Le aspettative allontanano dalla vita

le aspettative allontanano..Che gli esseri umani vivano poco centrati sul presente è un dato che si può rilevare senza essere maestri di zen. Tipicamente, o si rimpiange un passato che diventa una specie di età dell’oro, in realtà mai esistita, o si fantastica su di un futuro che non arriverà mai.

In questo modo, di sicuro, non si è mai in contatto con quello che si vive nel momento in cui lo si vive, visto che la nostra percezione tende a farci slittare concretamente in un altro spazio tempo.

Le aspettative poi, hanno un ruolo molto importante nelle nostre esistenze, spesso ignorato, o sottovalutato, perlopiù nemmeno percepito. Infatti, ci si rende ben poco conto delle pretese che avanziamo nei confronti della vita, considerando come dovute delle realtà che invece dipenderebbe da noi costruire.

Molti principi e principesse si aggirano per il mondo, oppure semplicemente stanno fermi ad aspettare che la vita porti loro i frutti dei loro desideri. Il punto è però che le cose non si realizzano da sole, ma dipendono dalla quantità e dalla qualità di energia che investiamo nella loro realizzazione.

L’altro capo dell’aspettativa è la recriminazione, che arriva inevitabile, quando, davanti all’ovvia delusione dell’aspettativa, ci lamentiamo della sfiga, o dell’ingiustizia di una vita che non ci da quello che ci meriteremmo.

A me piace ricordare però, che la recriminazione è la dichiarazione palese della nostra impotenza nel realizzare ciò su cui stiamo recriminando.
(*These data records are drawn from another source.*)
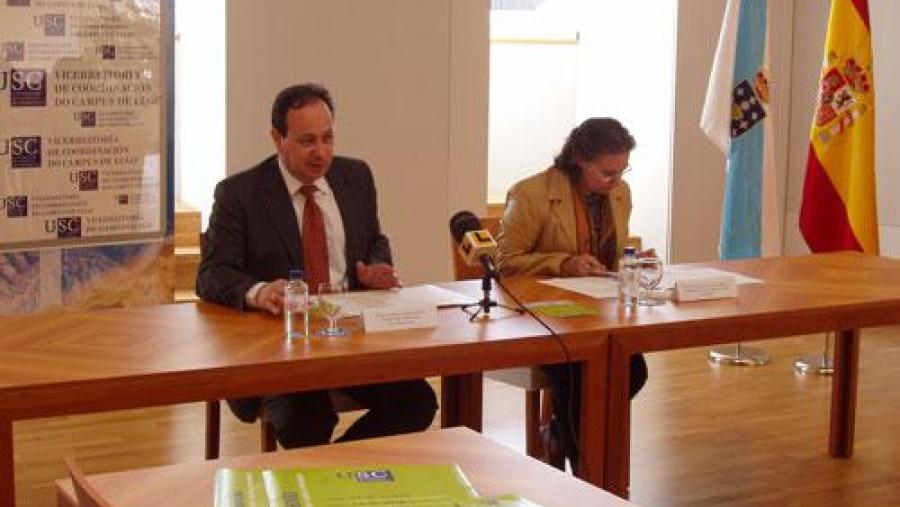 Carlos Herrero Latorre e Celia Besteiro presentaron en Lugo o programa das xornadas 'Transformando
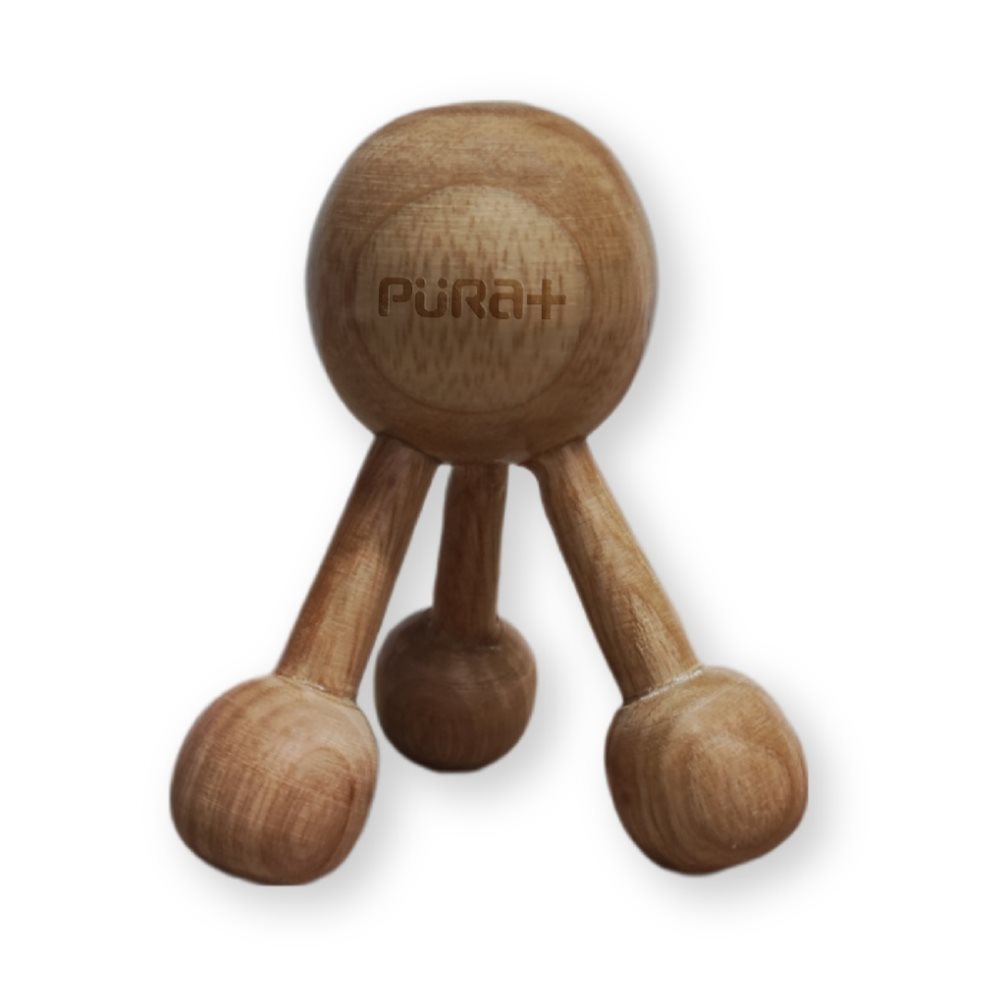 Masajeador Pulpo 3 Patas Pura+ Unidad de masajeador pulpo de 3 patas en madera natural. x 1 Masajeador Pulpo 3 Patas Pura+ Unidad de masajeador pulpo de 3 patas en madera natural. x 1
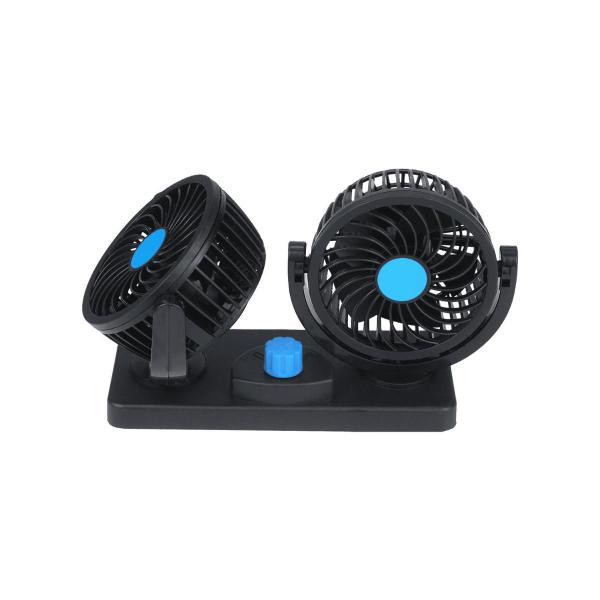 Imagem de Kit 2 Ventilador Automotivo Duplo Carro Caminhão Ajuste 12V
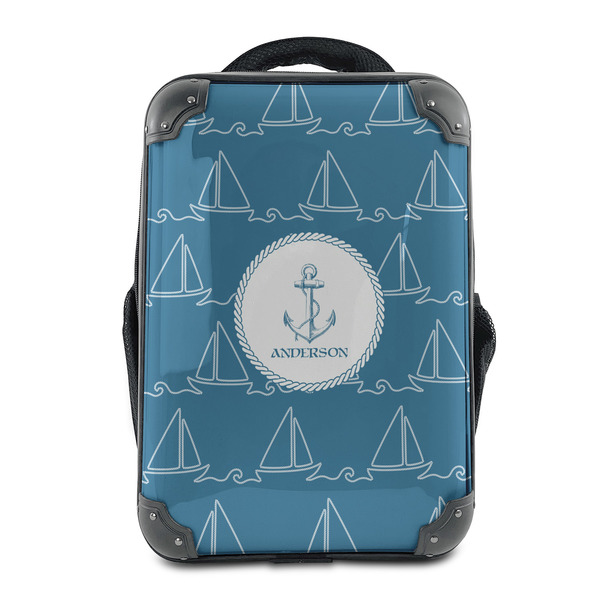 Custom Rope Sail Boats 15" Hard Shell Backpack (Personalized)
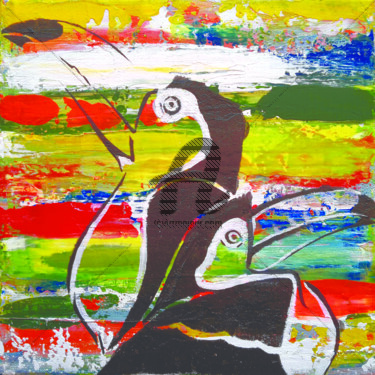 Peinture intitulée "toucan.jpg" par S'Lody, Œuvre d'art originale, Acrylique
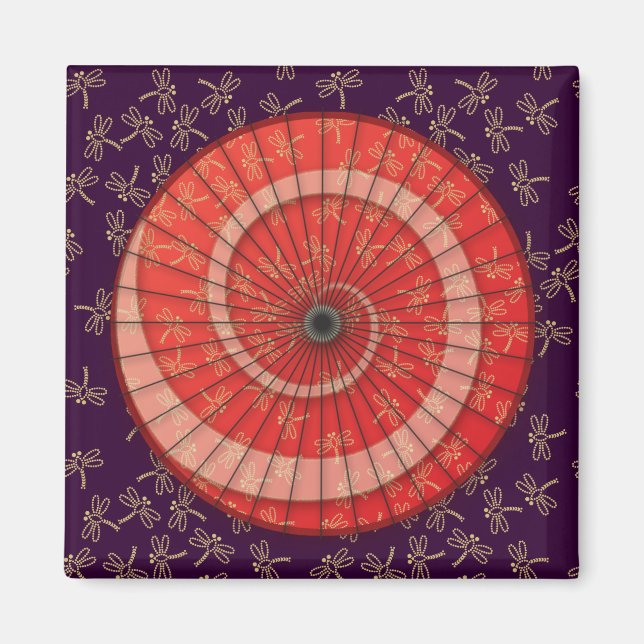 dragonfly dance magnet (Front)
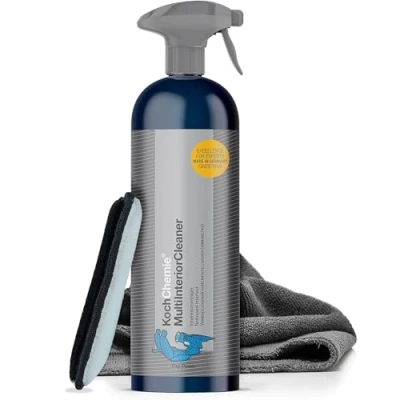 Afbeelding van autopflege Koch Chemie Multi Interior Cleaner Auto interieurreinigingsset 750 ml + microvezeldoek microvezelpad effectieve reiniging van bekleding en kunststof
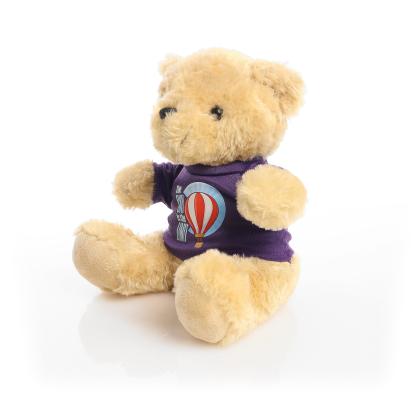 Printed 19cm Victoria bear - Purple t-shirt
Dipende da noi, e non dalla vita ingiusta, esprimere la giusta forza, in grado di compiere ciò che diciamo di voler realizzare.

Le leggi della vita sono molto precise, e non ci sono deroghe, e non sono nemmeno una condanna, ma manifestazione della perfezione del creato. Finché non ci rendiamo conto del fatto che siamo assolutamente responsabili di ogni cosa che accade alla nostra esistenza, non saremo nelle condizioni di poter migliorare la nostra vita ed uscire dalle spirali perverse della sofferenza generata dai moti di ciò di cui non siamo consci.

Non bisognerebbe avere aspettative, ma proponimenti creativi, e soprattutto, bisognerebbe essere nelle condizioni di conoscere le forze che ostacolano la nostra capacità di agire, e che provengono dalle profondità della nostra coscienza.

Come immaginate, non è un lavoro semplice, ma non c’è altro modo per smettere di produrre circoli viziosi poco piacevoli, ed evolvere verso una pur sempre possibile condizione di armonia ed equilibrio della propria vita.

A questo serve la psicologia dello yoga, evolvere e comprendere, ma cercate di non vivere quello che sto dicendo come un’aspettativa, quanto piuttosto come una possibilità da sperimentare… se volete.